Exercise objective = Below are entries; output exactly the lines from the one with "国米中场核心布罗佐维奇脚踝伤愈，球队士气大涨备战欧冠" to the one with "户外 捆绑 被央视临时撤档! 依然积压6年， 这部68集历史大剧确切太可惜了", both included, and nothing else.

Records for this task =
──────────────────────────────
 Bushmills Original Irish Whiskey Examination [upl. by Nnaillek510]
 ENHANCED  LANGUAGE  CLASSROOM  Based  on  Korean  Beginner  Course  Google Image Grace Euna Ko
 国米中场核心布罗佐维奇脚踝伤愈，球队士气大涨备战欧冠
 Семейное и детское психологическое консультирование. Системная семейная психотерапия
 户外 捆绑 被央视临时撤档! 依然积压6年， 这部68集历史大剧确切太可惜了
──────────────────────────────
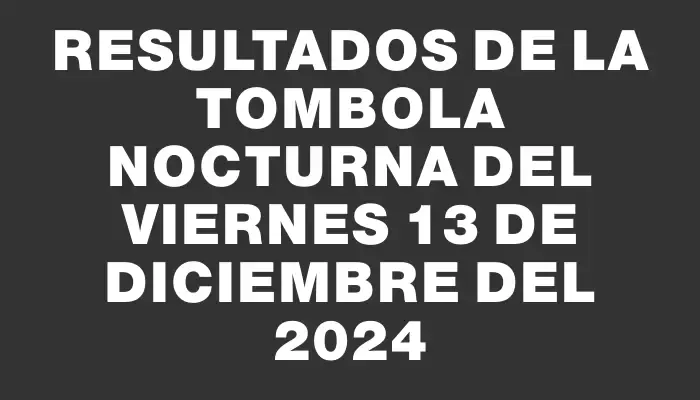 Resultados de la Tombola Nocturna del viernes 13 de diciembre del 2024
──────────────────────────────
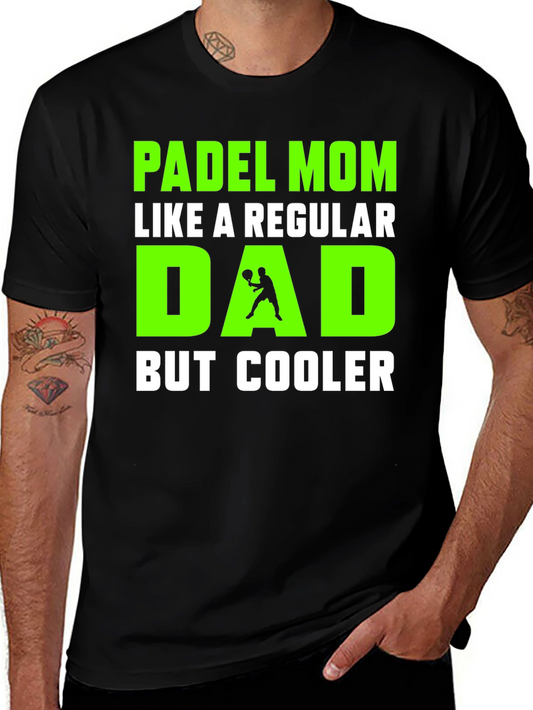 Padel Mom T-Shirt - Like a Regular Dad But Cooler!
──────────────────────────────
Response =
 国米中场核心布罗佐维奇脚踝伤愈，球队士气大涨备战欧冠
 Семейное и детское психологическое консультирование. Системная семейная психотерапия
 户外 捆绑 被央视临时撤档! 依然积压6年， 这部68集历史大剧确切太可惜了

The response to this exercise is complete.